For starters, he says, the majority of Fed officials expect the federal funds rate to rise no higher than 3 percent in the longer-run due to low growth and low inflation in developed economies around the world. He also notes that recessions over the past 60 years have prompted the Fed to drop rates, on average, by more than 5 percentage points.
A recent paper from Fed staff economists Michael Kiley and John Roberts estimated that in the current economic environment the Fed’s policy rate will be at, or very near, zero as much as 40 percent of the time.
“It is inevitable we’re going to be talking about the balance sheet expanding in future recessions, in fact in most recessions unless they’re very, very mild,” Rosengren said May 5 during a panel discussion at Stanford University.
Rosengren isn’t alone among Fed policy makers with that opinion. St. Louis Fed President James Bullard, speaking on the same panel, called it a “distinct possibility” the Fed will need to resort again to QE. In a May 8 interview with Bloomberg News, Cleveland Fed chief Loretta Mester said QE “should be part of the tool kit” for use when the Fed hits zero and the economy needs more support.
Not that QE is the only option when rates hit zero. Indeed, it’s widely assumed the Fed would first resort to a tactic it used during the Great Recession known as forward guidance. It involves making a clear commitment to keeping rates at zero for an extended time, which helps longer-term rates settle lower. But that’s unlikely to make the difference in a typical recession.
The Fed might also follow a path tried by some European countries by pushing their policy rate below zero. Another approach would be to raise the Fed’s 2 percent inflation target. If effective in raising inflation, that would boost the neutral level for interest rates, making a zero policy rate more stimulative.
While each approach has its proponents in and outside the Fed, neither has gained enough traction among policy makers to use any time soon, according to Carl Tannenbaum, chief economist at Northern Trust Corp. and a former senior staffer at the Chicago Fed.
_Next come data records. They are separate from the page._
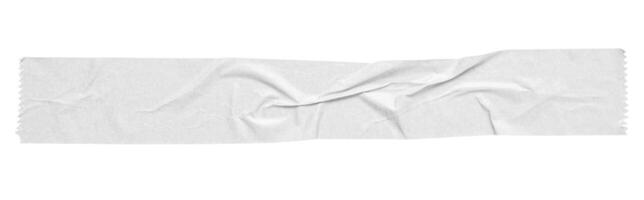 White adhesive paper tape isolated on white background photo
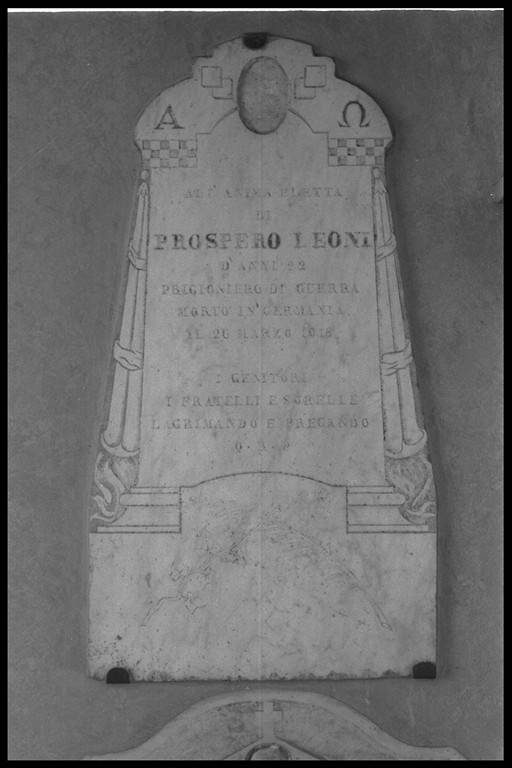 lapide tombale - produzione emiliana (sec. XX)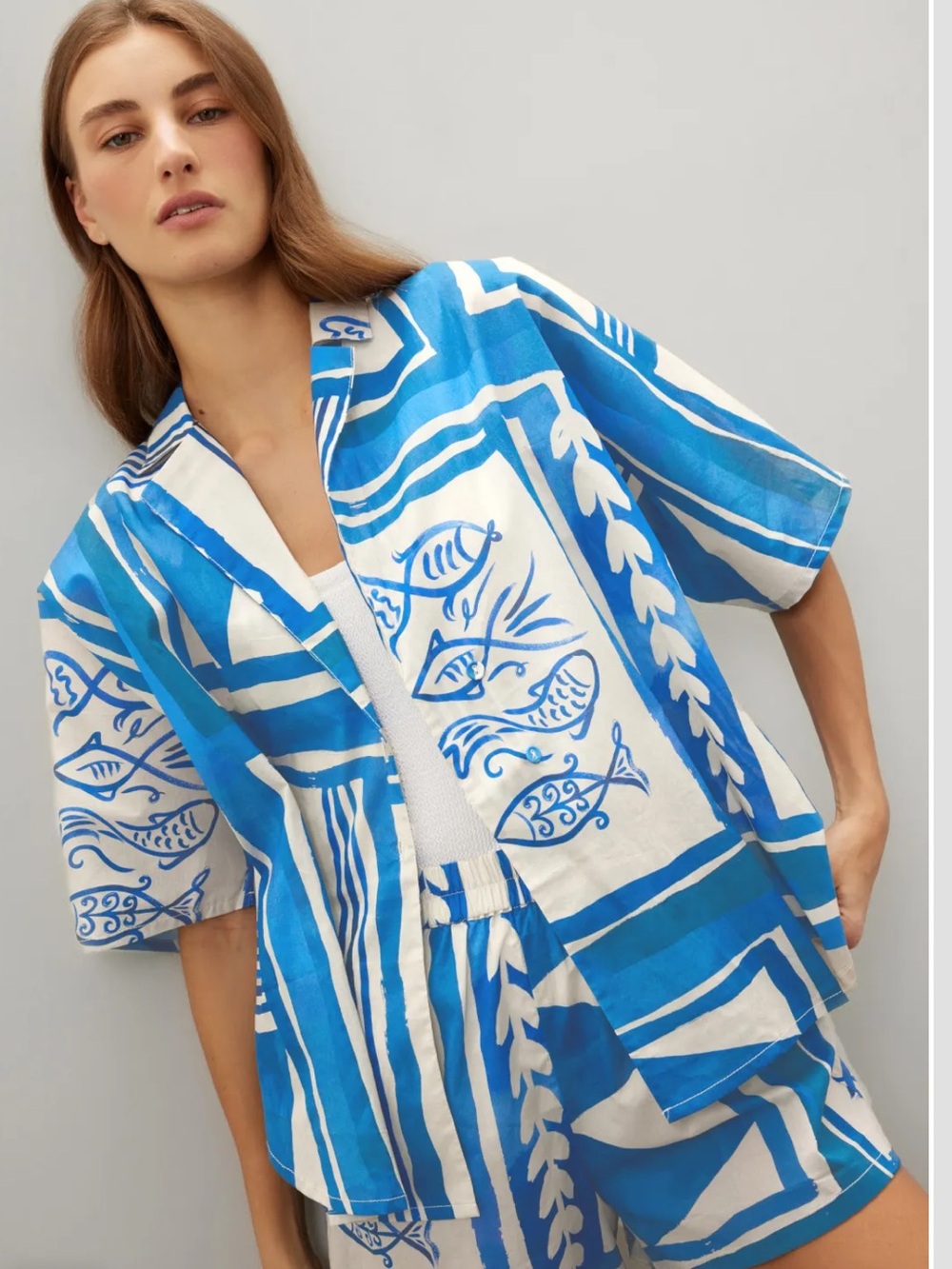 Soleil Soleil Overswim Fish Print Button Down Shirt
“The example of negative rates has proven to be less than encouraging,” he said. “Additionally, if they are struggling to create any kind of inflation, raising the target isn’t going to have the same credibility with the market. That’s further down the list” of options the Fed might try, he said.
None of that, however, will remove the political hostility to QE.
“I have that concern the Fed will respond once again with QE,” Representative Andy Barr, a Kentucky Republican who serves on the House Financial Services Committee, said in an interview. “They are conflating here the role of monetary policy with fiscal policy through private credit allocation and taking excessive risk.”
Barr said he’s not opposed to QE as a “a last resort tool” under extreme circumstances, and concedes that the first round of bond purchases by the Fed in 2008 had, in his view, “some limited stimulative effect.” But if rates hit zero and the economy still needs a jolt, Barr said it’s up to Congress to provide counter-cyclical fiscal stimulus, preferably through tax cuts.
“I think the Fed is better off when it sticks to its primary purpose, which is price stability,” he said.
Others are skeptical Congress will act quickly enough to provide meaningful fiscal relief in a recession, and the Fed may feel forced to act with asset purchases. Lawmakers can’t stop that, but they can react in a punishing fashion. There are already various pieces of proposed legislation floating around Capitol Hill that would curb the Fed’s authority and independence in monetary-policy making. At the moment they lack sufficient support to pass, but that could change.
“The problem for the Fed is that its reputation has not really had a chance to rebound from criticism it took in the wake of the crisis,” said Sarah Binder, a senior fellow at the Brookings Institution in Washington. “That will leave the institution more vulnerable.”